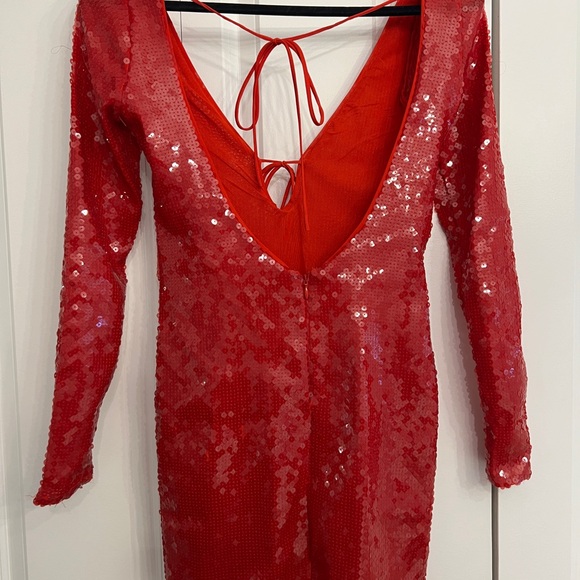 Verona Bardot Red Sequin Long Sleeve Dress - Picture 4 of 6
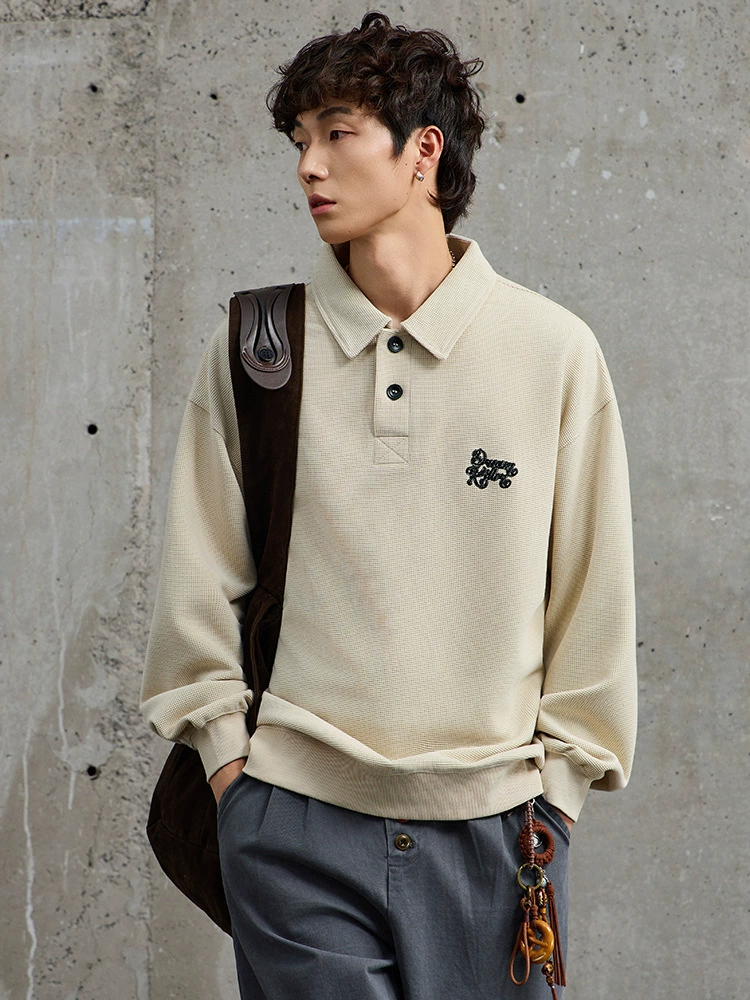 厂家直销男士宽松刺绣牛仔外套，休闲风格，春秋季，多口袋设计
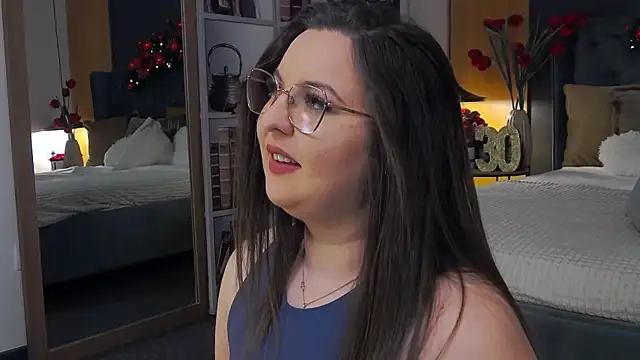 Mia Swano online show from 12.18.25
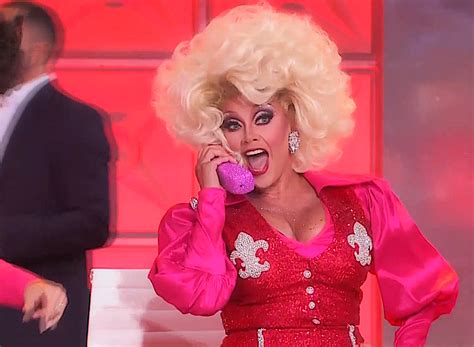 Vanessa Williams transforms into Dolly Parton on ‘Celebrity Drag Race’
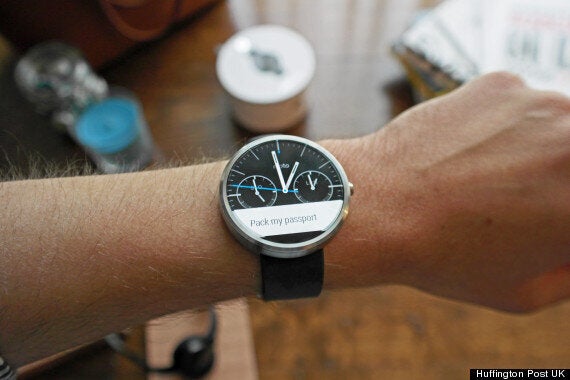 Moto x outlet watch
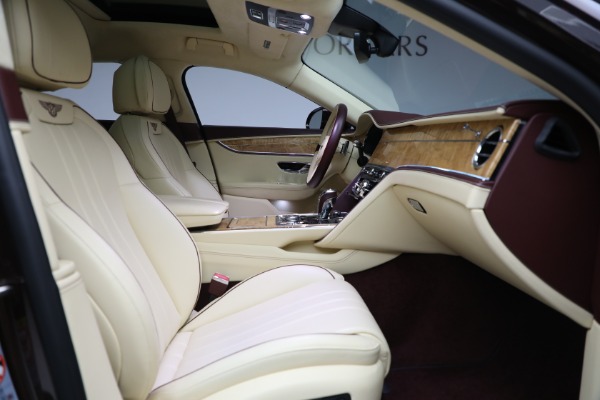 Used 2020 Bentley Flying Spur W12 for sale $199,900 at Alfa Romeo of Greenwich in Greenwich CT 06830 27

## WHAT THE TASK REQUIRES
Please copy out the whole listing exactly as it stands, minus the pictures.

## RESULT
 Verona Bardot Red Sequin Long Sleeve Dress - Picture 4 of 6
 厂家直销男士宽松刺绣牛仔外套，休闲风格，春秋季，多口袋设计
 Mia Swano online show from 12.18.25
 Vanessa Williams transforms into Dolly Parton on ‘Celebrity Drag Race’
 Moto x outlet watch
 Used 2020 Bentley Flying Spur W12 for sale $199,900 at Alfa Romeo of Greenwich in Greenwich CT 06830 27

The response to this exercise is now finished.